• You are not logged in.

    THinkiNG abOUt digraPHs!

    • Started by DreymaR
    • 7 Replies:
    • Reputation: 111
    • From: Oslo, Norway
    • Registered: 13-Dec-2006
    • Posts: 4,707

    I've been thinking a bit about some particular letter patterns that actually represent single entities. These include TH, QU, GH and probably OU/PH/NG – any others? That sets them a bit apart from the rest. Just a th-ou-gh-t... (the gh in that word is mostly silent now but used to be pronounced).

    Incidentally, the reason we type TH and GH as letter pairs, from what I've been told, is that the Dutch type setters who first came to England in the late 15th Century to print the Bible and Arthur myth for William Caxton, didn't have lead type for the English Wynn (Ƿ/?) and Yogh (Ȝ) runes! Also, they got paid per letter so they certainly didn't mind making digraphs/bigrams out of the missing letters...

    In Icelandic they still have þ/ð letters for unvoiced/voiced TH, and in some languages you can use a γ/ɣ or similar for GH. Ph/ph can be written as Φ/φ. By now, that won't happen in English of course!    ლ( ʘ▽ʘ)ლ~?!

    But maybe people who wish to improve their keystroke stats could take those on?! There isn't much chance of getting more keys on the keyboard, but with layers maybe it's an interesting thought – same number of strokes but the possibility of using home position and thumbs more. I'm thinking along the lines of mapping Th/th to AltGr+T/t etc.

    Last edited by DreymaR (03-Dec-2019 09:56:36)

    *** Learn Colemak in 2–5 steps with Tarmak! ***
    *** Check out my Big Bag of Keyboard Tricks for Win/Linux/TMK... ***

    Offline
    • 0
    • Reputation: 15
    • From: Belgium
    • Registered: 26-Feb-2008
    • Posts: 451

    A key for "TH" has been suggested here before, but I doubt it would work in practice.  We are so used to typing letters (graphemes), not sounds (phonemes).  How long would it take you to adjust to typing "the" as th-e instead of t-h-e?  Or is that because I'm not a native English speaker?  In my language Dutch, "ij" is sometimes considered a single letter, and hand-written as ÿ, but I would never type it that way.
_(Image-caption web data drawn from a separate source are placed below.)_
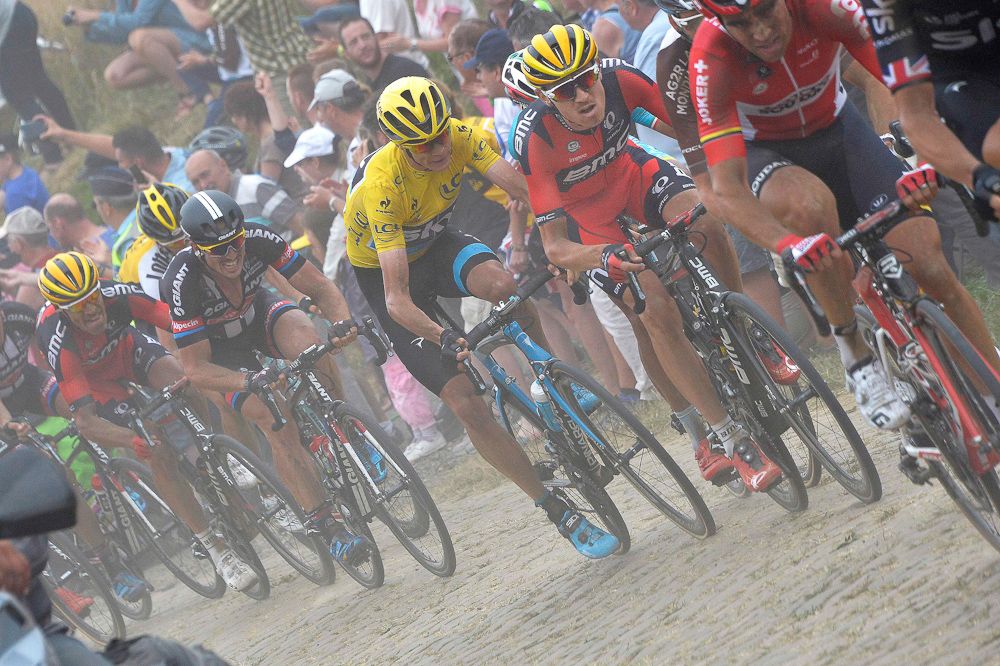 Chris Froome has a moment in the peloton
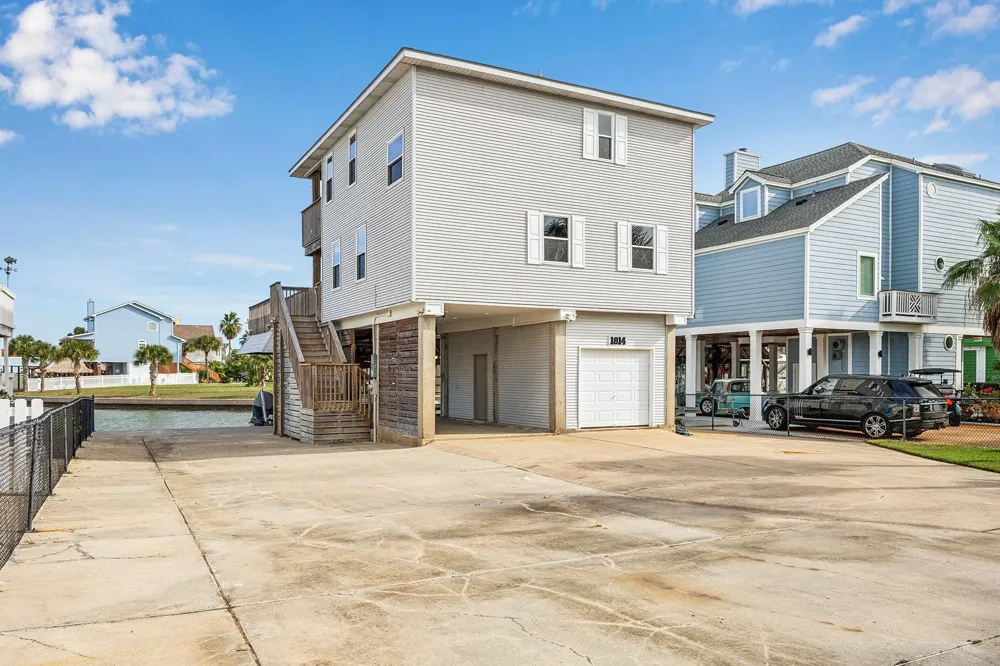 1814 Tiki Drive Tiki Island, TX 77554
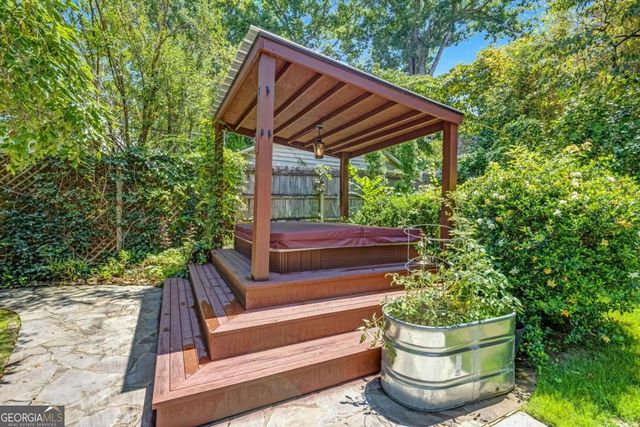 977 North Avenue NE, Atlanta, GA 30306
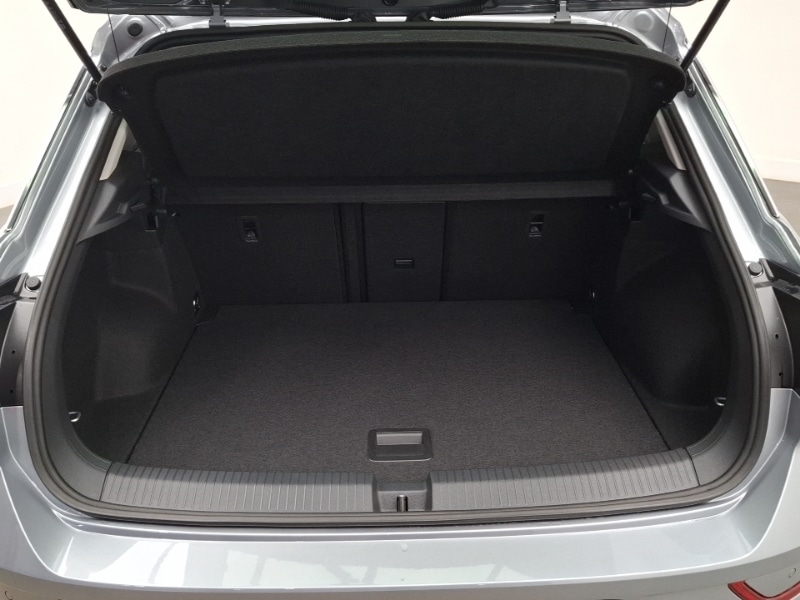 Used Volkswagen T-Roc 2025 for sale - 76881013: Photo 8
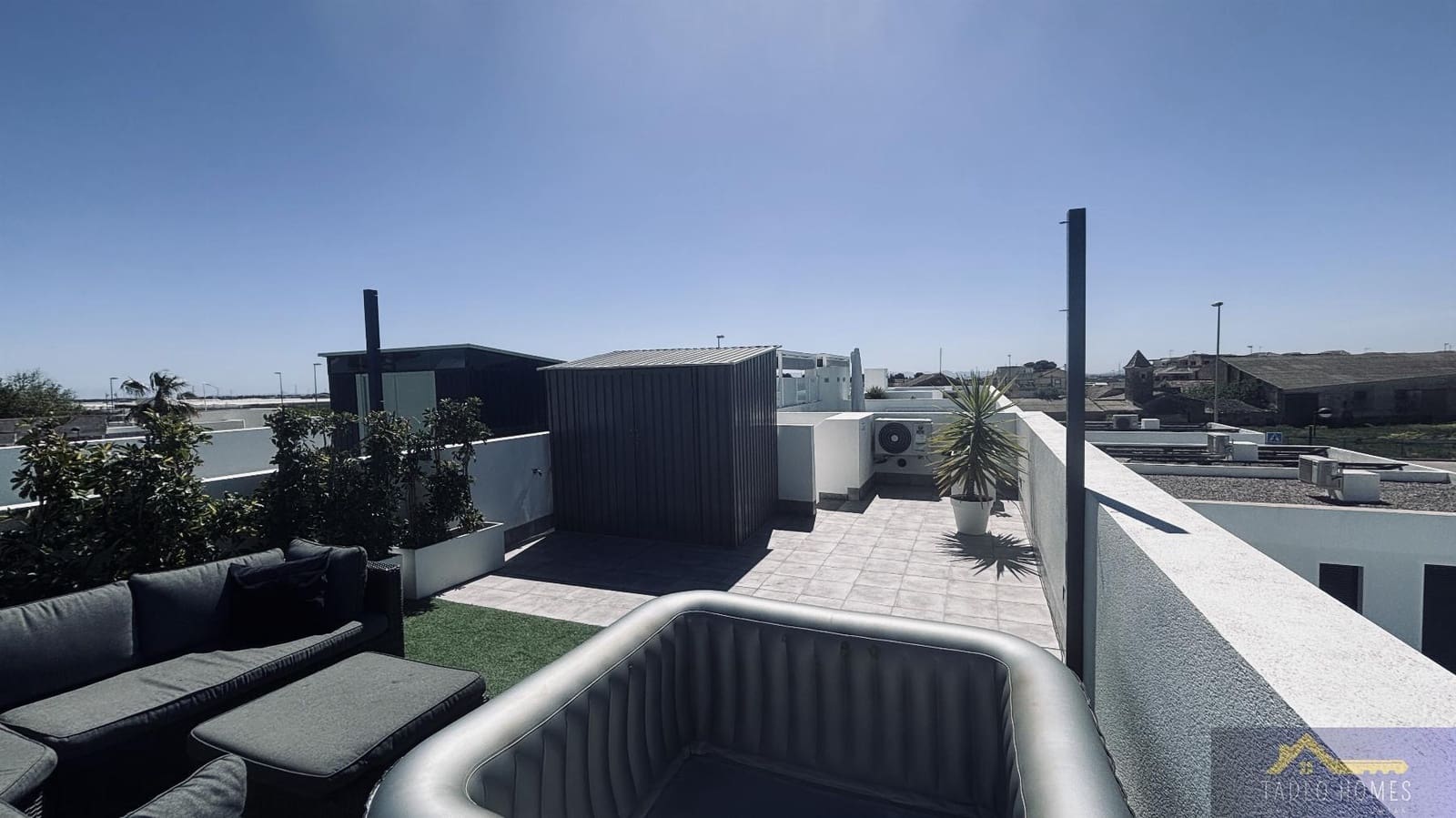 2 chambre Villa/Maison à vendre à Roldan avec piscine garage - 289 900 € (Ref: 10034652)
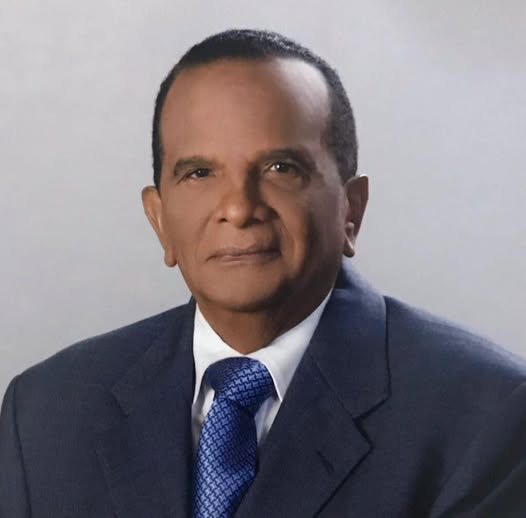 @PRM_Oficial expresa sus más sentidas condolencias por el fallecimiento de Vicente Sánchez Baret, destacado dirigente político, fundador del PRM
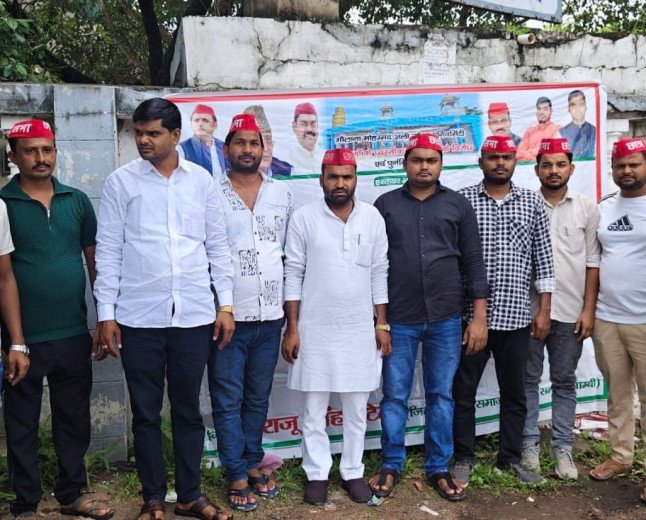 जौहर विश्वविद्यालय बचाने की मांग तेज: कौशाम्बी में समाजवादी छात्रसभा ने चलाया हस्ताक्षर अभियान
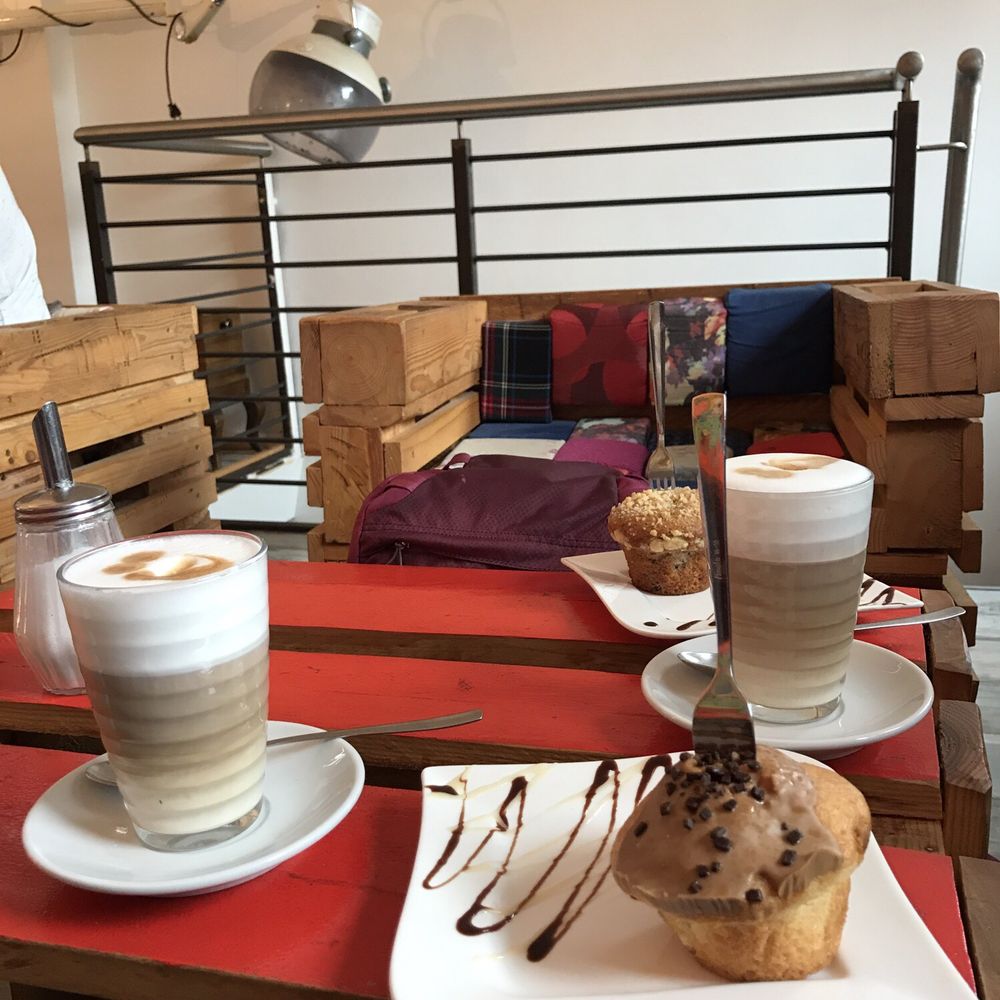 Häppchen - Caramel muffin w latte - Coffee & Tea Near Me - Cologne, NW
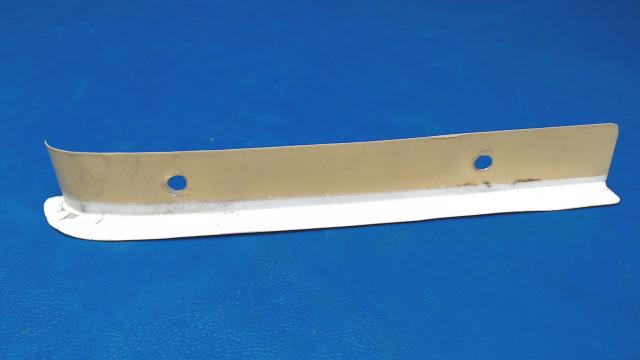 0923110-2 Cessna - FENCE- LANDING LIGHT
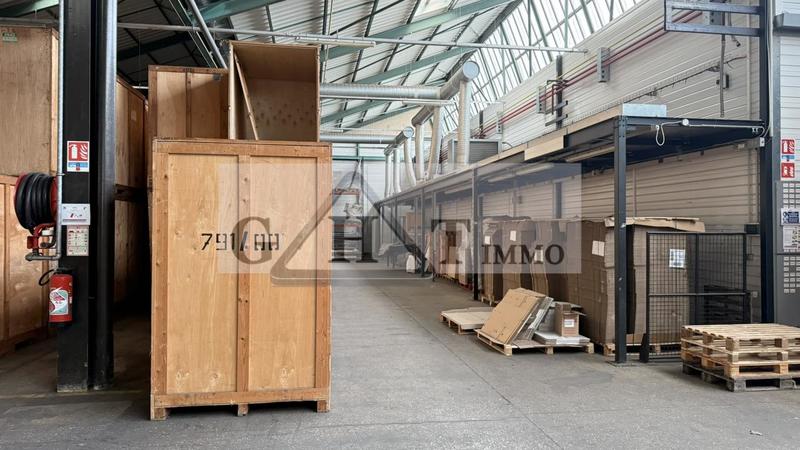 Entrepôt - 2 200 m²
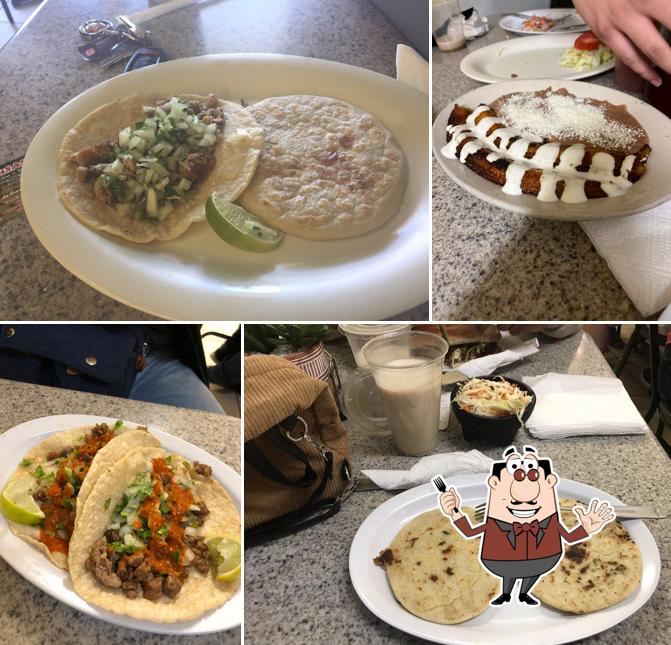 Tacos Y Pupusas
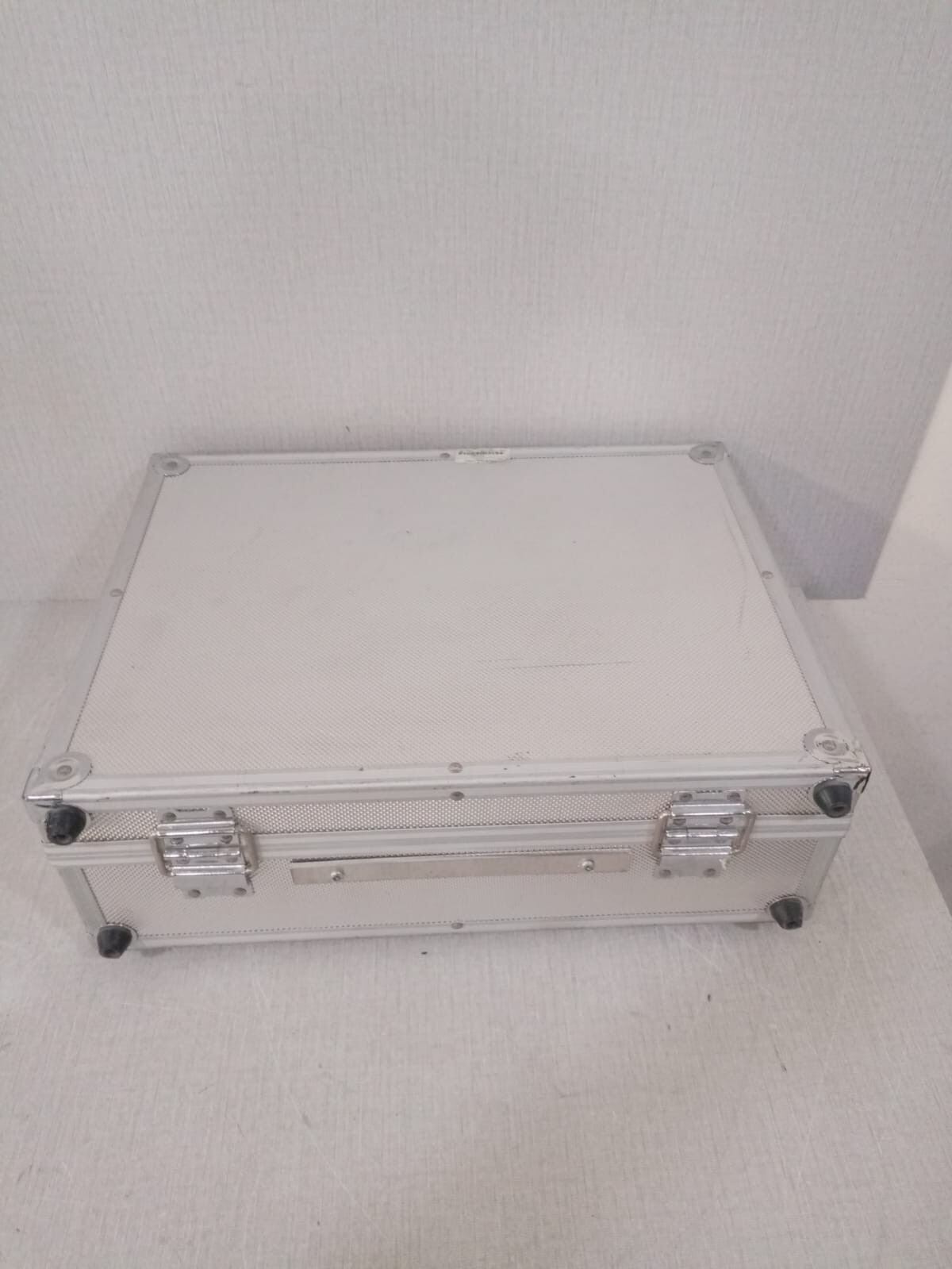 UNKNOWN PAT 5001 PAT 5001 Portable Appliance Tester 230VAC 50Hz 250VA 6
    Another issue would be capitalisation; should Shift+"th" produce "TH" or "Th"?  You don't want to depend on auto correct?

    For comparison; Serbian is a bi-alphabetical language (Latin and Cyrillic both in use today), the Latin alphabet has digrahs lj, nj, dž that are single Cyrillic characters љ, њ, џ, and are collated as single characters in both alphabets, but their Latin keyboard (QWERTZ) has no digraph keys.  (The corresponding keys instead have Q, W, X, which are not used in the language and have no Cyrillic counterpart.)

    Offline
    • 0
    • Reputation: 15
    • Registered: 12-Sep-2016
    • Posts: 45

    I am also  Dutch and have actually IJ bound to Colemak's semicolon position. The J position is very awkward for common sequences such as "ijk" and "ijn". Moving IJ to the semicolon improves it a lot. Learning it was also very easy as it is just one sound and it is basically handled as a single letter. Furthermore, in this case it also also very clear that Shift+"ij" should be mapped to "IJ", as it should be capitalized as a whole: Ij never occurs.

    Create advanced keyboard layouts in various formats using my Keyboard Layout Files Creator!

    Offline
    • 0
    • Reputation: 111
    • From: Oslo, Norway
    • Registered: 13-Dec-2006
    • Posts: 4,707

    Yeah, I don't think it seems too tempting for me but we had a chat at the Discord and it got me thinking.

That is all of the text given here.